Within the entries below, find the portion that opens with the line containing "Hugely Deceptive &" and closes with the line containing "2023 Nissan Rogue SV - miniatura 6". Retype that portion exactly and only.

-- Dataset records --
════════════════════

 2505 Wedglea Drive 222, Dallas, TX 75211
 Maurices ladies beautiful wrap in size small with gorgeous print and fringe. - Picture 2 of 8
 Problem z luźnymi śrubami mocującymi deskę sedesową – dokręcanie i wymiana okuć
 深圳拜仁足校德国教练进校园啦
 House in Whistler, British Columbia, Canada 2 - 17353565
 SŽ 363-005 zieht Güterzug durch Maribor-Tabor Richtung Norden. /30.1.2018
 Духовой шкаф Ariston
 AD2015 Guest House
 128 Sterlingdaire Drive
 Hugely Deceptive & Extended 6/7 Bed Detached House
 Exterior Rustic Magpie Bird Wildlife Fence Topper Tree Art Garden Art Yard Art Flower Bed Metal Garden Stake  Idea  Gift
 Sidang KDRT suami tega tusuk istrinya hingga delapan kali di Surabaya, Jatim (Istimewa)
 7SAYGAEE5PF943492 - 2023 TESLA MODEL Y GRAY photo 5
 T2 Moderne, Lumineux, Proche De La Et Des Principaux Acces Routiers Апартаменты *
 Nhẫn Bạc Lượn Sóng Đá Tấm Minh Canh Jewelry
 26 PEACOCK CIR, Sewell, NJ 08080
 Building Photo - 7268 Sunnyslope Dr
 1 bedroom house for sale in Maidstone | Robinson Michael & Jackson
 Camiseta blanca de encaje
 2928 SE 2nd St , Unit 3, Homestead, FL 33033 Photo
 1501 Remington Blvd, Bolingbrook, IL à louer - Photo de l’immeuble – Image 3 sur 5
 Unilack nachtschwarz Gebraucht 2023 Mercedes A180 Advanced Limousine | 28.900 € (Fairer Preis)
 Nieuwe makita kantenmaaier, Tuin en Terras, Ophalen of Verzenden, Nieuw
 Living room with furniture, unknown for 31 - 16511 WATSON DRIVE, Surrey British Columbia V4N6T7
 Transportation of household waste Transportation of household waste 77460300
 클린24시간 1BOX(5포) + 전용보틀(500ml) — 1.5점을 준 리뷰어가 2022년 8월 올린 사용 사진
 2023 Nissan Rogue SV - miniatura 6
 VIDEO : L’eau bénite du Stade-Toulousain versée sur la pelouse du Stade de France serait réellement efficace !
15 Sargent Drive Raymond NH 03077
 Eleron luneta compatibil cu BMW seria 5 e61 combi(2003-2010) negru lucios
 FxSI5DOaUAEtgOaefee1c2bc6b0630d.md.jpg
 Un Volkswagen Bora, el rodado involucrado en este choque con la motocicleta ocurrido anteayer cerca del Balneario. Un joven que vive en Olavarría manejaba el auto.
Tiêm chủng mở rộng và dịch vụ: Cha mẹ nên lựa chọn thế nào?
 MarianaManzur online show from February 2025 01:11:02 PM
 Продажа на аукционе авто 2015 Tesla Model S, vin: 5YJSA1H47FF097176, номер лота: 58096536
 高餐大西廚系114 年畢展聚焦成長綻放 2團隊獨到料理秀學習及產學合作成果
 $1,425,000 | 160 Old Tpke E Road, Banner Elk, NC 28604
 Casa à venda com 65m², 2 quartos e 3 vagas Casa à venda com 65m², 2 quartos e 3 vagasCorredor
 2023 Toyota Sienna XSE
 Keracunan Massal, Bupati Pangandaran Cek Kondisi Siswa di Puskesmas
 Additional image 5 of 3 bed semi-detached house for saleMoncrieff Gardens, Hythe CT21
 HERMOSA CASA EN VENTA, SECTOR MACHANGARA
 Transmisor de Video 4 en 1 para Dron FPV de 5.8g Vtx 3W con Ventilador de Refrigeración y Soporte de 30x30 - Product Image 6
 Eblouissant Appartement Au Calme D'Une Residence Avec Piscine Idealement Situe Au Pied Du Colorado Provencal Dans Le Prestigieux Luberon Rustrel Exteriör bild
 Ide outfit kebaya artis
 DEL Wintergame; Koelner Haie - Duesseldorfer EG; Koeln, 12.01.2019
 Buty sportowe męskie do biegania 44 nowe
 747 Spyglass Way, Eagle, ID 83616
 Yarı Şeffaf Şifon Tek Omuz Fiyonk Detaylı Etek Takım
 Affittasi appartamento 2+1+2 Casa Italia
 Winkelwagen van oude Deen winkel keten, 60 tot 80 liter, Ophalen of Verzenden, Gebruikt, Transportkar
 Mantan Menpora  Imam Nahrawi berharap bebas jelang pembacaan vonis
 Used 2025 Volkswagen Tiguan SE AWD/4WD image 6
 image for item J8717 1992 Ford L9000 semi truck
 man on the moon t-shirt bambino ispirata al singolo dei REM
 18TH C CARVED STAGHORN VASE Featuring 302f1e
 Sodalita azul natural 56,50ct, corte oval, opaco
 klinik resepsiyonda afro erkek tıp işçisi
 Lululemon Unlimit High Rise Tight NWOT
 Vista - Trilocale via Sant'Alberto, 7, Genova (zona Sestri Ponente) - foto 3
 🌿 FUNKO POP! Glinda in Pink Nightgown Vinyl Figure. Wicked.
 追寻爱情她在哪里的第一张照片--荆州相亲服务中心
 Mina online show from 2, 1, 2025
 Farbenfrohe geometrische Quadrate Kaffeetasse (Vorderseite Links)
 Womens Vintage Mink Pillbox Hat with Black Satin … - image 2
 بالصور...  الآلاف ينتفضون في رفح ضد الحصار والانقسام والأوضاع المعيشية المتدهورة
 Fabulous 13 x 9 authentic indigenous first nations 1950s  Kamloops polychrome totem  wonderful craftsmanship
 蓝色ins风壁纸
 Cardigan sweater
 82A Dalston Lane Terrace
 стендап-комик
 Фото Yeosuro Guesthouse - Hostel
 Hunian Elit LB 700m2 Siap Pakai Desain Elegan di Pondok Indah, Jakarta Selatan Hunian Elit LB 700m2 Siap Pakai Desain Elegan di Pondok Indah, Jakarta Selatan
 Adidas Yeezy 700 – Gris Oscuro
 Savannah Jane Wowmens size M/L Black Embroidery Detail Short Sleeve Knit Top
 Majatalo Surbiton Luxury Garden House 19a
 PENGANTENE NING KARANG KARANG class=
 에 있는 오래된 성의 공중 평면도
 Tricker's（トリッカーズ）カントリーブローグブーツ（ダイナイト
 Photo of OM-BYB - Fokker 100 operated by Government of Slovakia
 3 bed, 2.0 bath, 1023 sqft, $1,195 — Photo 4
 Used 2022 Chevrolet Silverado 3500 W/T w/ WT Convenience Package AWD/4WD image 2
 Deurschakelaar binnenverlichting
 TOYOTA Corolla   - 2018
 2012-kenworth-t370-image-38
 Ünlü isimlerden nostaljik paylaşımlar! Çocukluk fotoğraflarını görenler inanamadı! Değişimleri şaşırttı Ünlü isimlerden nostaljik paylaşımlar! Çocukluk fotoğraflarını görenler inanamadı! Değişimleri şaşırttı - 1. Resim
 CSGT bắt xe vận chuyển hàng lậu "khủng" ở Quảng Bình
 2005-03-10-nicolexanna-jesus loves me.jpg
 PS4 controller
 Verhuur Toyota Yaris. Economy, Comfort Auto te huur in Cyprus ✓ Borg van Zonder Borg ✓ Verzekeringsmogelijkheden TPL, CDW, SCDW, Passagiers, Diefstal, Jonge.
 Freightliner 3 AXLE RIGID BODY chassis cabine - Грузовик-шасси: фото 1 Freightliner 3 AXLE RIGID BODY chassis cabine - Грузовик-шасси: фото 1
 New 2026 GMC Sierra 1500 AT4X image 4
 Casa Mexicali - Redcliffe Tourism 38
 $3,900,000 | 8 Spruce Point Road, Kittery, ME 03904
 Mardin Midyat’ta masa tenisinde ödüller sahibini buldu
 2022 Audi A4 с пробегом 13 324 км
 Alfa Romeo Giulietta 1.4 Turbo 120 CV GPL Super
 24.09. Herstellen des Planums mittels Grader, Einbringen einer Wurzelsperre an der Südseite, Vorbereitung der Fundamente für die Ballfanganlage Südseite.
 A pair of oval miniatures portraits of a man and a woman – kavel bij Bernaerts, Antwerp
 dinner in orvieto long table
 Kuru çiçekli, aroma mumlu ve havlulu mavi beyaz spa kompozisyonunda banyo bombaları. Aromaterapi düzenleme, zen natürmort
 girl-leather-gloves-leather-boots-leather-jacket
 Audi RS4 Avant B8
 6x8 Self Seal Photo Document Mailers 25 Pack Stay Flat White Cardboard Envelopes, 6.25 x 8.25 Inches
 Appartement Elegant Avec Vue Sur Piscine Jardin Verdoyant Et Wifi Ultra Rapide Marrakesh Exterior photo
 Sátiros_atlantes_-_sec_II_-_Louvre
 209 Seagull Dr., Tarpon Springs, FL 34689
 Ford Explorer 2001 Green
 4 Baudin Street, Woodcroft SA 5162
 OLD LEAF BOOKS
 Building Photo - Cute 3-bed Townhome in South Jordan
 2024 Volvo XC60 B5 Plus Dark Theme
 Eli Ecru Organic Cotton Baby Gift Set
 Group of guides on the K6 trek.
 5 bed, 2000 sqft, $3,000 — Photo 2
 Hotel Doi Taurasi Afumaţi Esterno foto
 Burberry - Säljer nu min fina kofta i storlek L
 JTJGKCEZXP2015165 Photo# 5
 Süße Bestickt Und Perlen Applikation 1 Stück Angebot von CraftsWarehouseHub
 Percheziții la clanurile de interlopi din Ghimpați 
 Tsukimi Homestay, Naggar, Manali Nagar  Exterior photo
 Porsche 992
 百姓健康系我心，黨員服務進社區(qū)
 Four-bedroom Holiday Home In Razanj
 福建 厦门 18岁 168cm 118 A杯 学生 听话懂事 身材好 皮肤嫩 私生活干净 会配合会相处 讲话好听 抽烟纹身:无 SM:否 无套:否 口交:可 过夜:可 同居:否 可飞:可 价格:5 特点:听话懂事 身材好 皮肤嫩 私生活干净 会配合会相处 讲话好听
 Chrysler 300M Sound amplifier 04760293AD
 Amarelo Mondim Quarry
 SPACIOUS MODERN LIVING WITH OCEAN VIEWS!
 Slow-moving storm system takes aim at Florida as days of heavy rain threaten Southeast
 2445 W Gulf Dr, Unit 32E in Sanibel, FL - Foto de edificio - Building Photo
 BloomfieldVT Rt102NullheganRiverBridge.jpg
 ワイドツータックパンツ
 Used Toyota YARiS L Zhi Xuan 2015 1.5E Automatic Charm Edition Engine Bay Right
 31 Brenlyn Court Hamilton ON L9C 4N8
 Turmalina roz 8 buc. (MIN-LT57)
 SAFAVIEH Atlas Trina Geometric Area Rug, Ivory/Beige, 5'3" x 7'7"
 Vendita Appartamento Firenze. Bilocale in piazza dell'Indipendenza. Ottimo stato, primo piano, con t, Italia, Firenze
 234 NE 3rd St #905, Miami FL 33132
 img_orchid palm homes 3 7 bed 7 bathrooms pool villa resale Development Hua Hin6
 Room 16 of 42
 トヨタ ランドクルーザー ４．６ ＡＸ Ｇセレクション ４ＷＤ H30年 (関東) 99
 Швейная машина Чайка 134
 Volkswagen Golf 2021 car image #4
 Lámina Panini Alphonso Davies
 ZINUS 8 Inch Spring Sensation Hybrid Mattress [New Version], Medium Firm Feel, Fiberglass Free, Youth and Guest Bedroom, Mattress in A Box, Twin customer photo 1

════════════════════

-- OUTPUT OF THE TASK --
 Hugely Deceptive & Extended 6/7 Bed Detached House
 Exterior Rustic Magpie Bird Wildlife Fence Topper Tree Art Garden Art Yard Art Flower Bed Metal Garden Stake  Idea  Gift
 Sidang KDRT suami tega tusuk istrinya hingga delapan kali di Surabaya, Jatim (Istimewa)
 7SAYGAEE5PF943492 - 2023 TESLA MODEL Y GRAY photo 5
 T2 Moderne, Lumineux, Proche De La Et Des Principaux Acces Routiers Апартаменты *
 Nhẫn Bạc Lượn Sóng Đá Tấm Minh Canh Jewelry
 26 PEACOCK CIR, Sewell, NJ 08080
 Building Photo - 7268 Sunnyslope Dr
 1 bedroom house for sale in Maidstone | Robinson Michael & Jackson
 Camiseta blanca de encaje
 2928 SE 2nd St , Unit 3, Homestead, FL 33033 Photo
 1501 Remington Blvd, Bolingbrook, IL à louer - Photo de l’immeuble – Image 3 sur 5
 Unilack nachtschwarz Gebraucht 2023 Mercedes A180 Advanced Limousine | 28.900 € (Fairer Preis)
 Nieuwe makita kantenmaaier, Tuin en Terras, Ophalen of Verzenden, Nieuw
 Living room with furniture, unknown for 31 - 16511 WATSON DRIVE, Surrey British Columbia V4N6T7
 Transportation of household waste Transportation of household waste 77460300
 클린24시간 1BOX(5포) + 전용보틀(500ml) — 1.5점을 준 리뷰어가 2022년 8월 올린 사용 사진
 2023 Nissan Rogue SV - miniatura 6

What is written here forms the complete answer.